- ACTIVITY -
Look for the line with "Truyền Võ Chap 380 - Next Chap 381" in the data below, then reproduce word for word that line and every line after it. Leave out all pictures and add nothing.

- DATASET RECORDS -
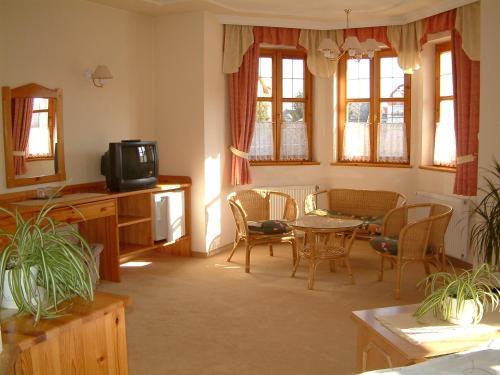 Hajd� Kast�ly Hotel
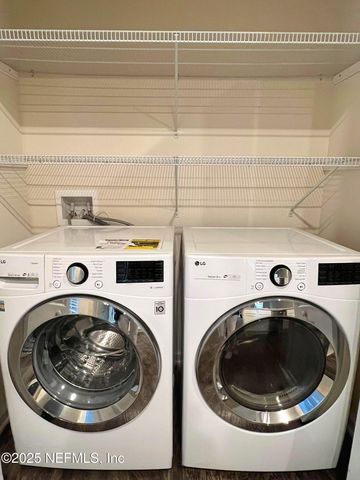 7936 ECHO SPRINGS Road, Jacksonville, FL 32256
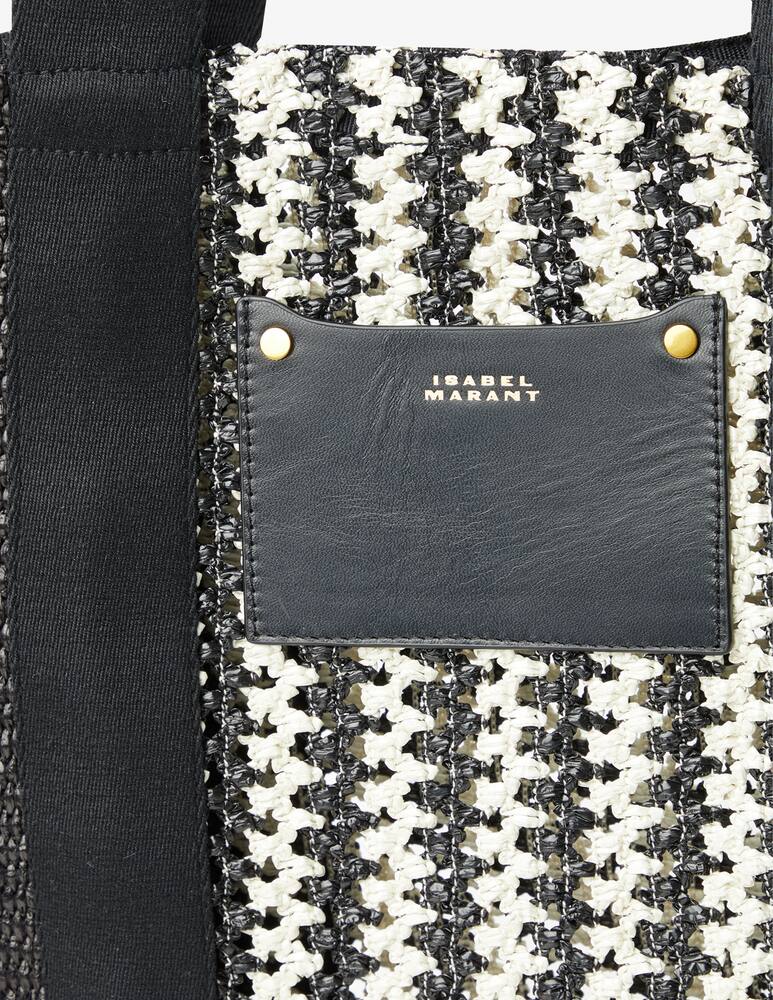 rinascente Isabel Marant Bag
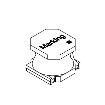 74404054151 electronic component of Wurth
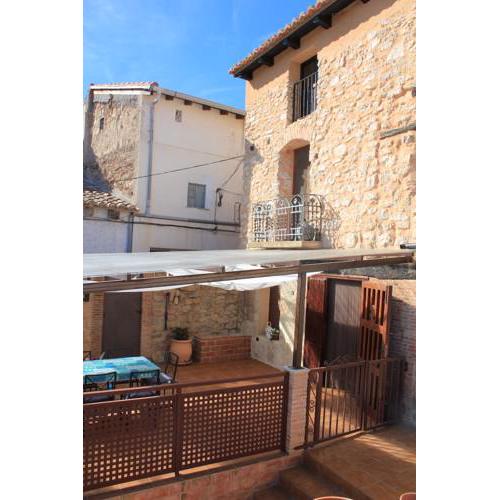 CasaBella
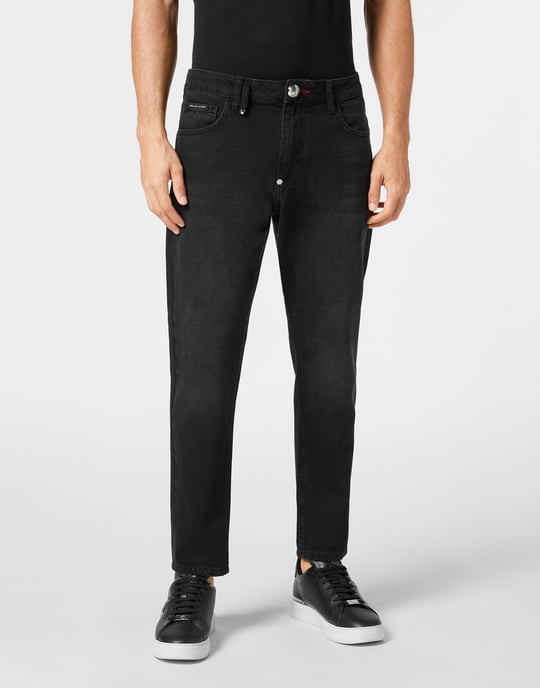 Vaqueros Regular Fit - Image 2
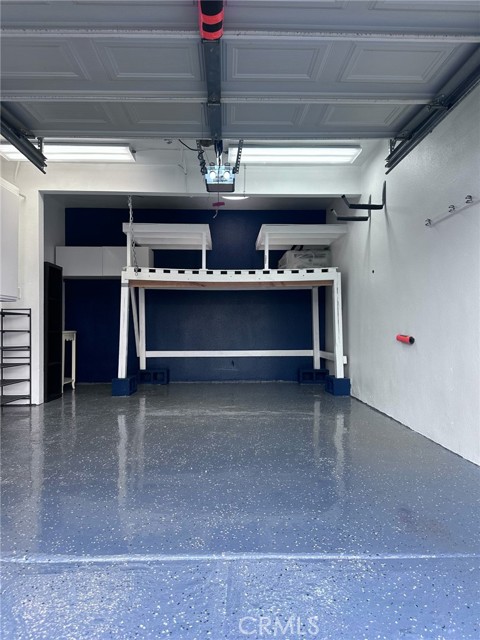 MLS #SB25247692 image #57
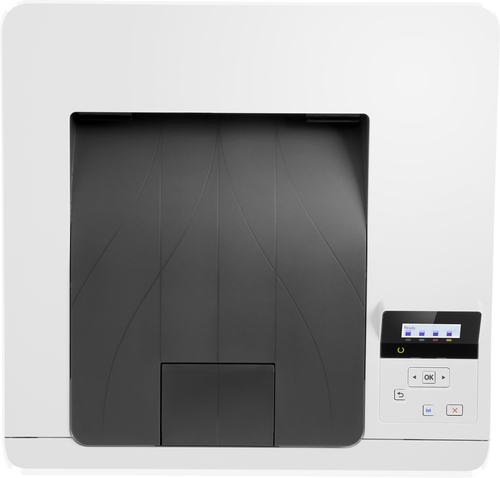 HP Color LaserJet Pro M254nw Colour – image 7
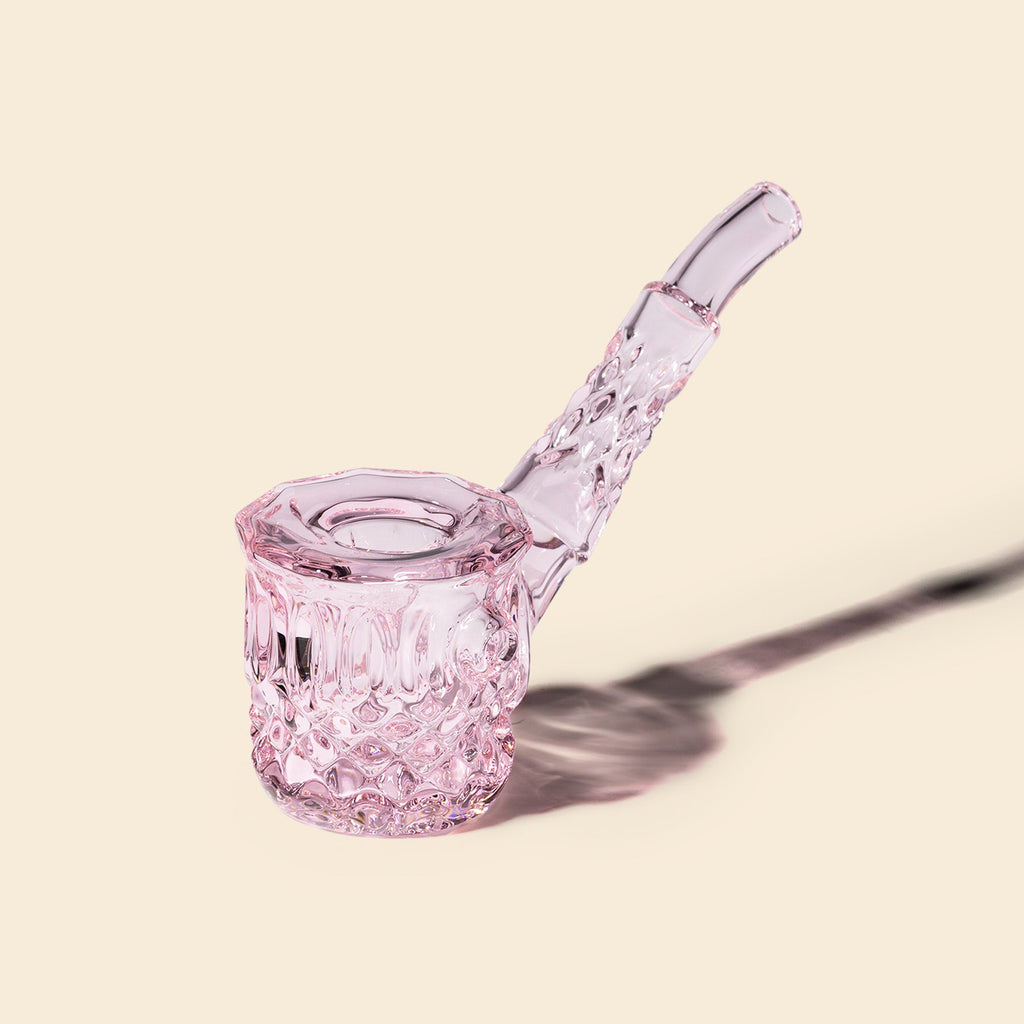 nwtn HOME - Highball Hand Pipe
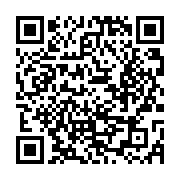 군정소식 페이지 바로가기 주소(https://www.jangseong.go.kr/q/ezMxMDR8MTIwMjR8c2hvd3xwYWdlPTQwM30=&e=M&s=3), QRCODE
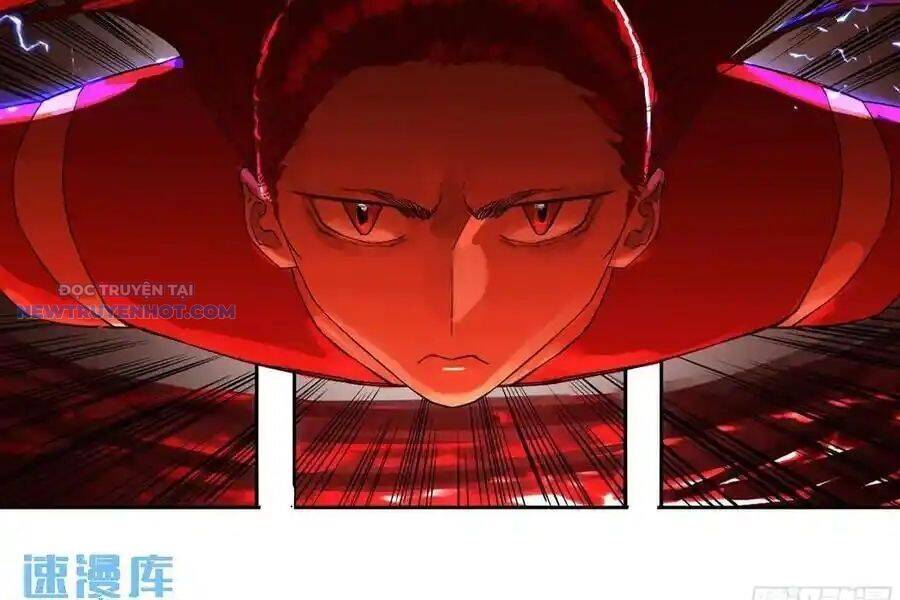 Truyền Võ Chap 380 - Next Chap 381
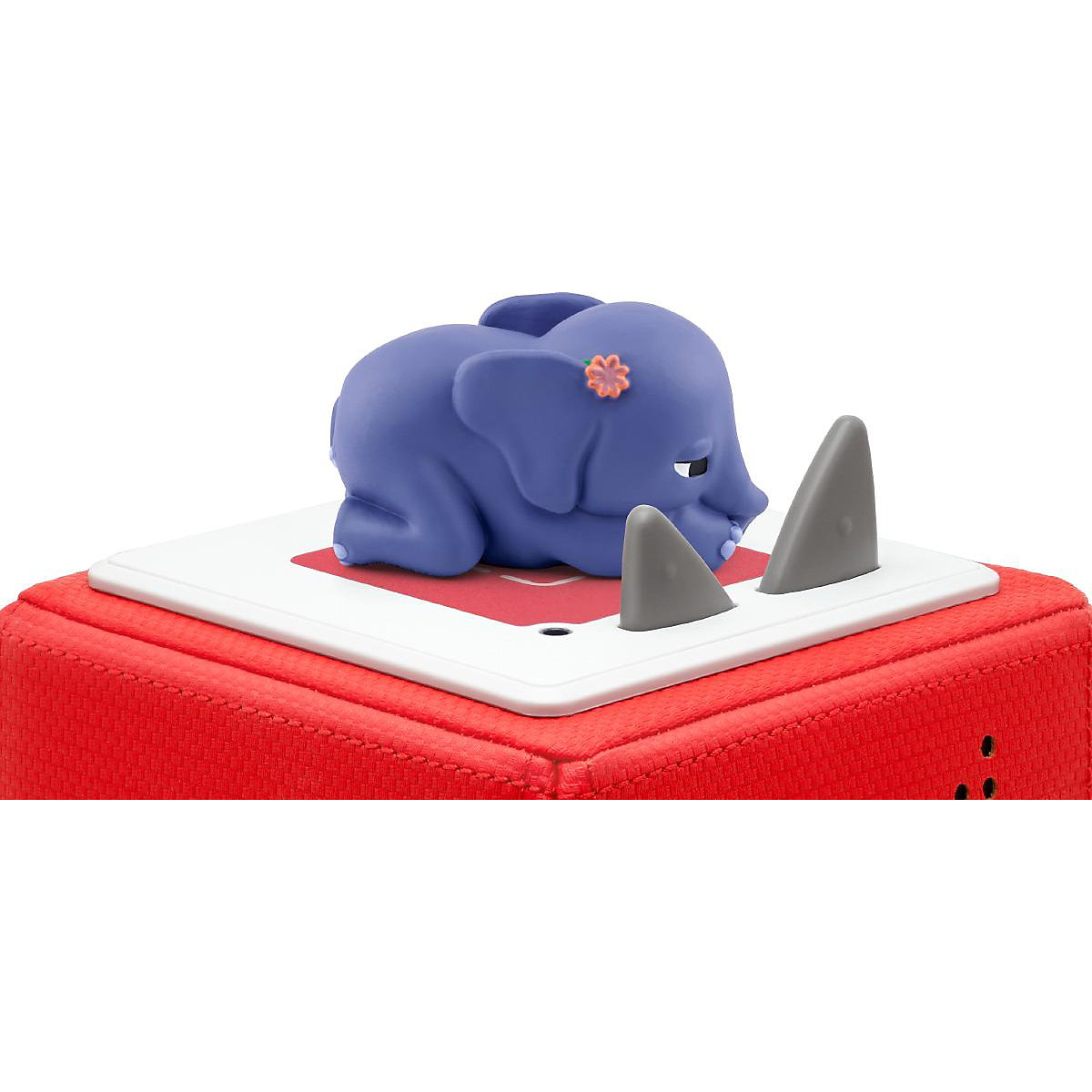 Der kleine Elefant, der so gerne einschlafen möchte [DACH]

- COMPLETED EXERCISE -
 Truyền Võ Chap 380 - Next Chap 381
 Der kleine Elefant, der so gerne einschlafen möchte [DACH]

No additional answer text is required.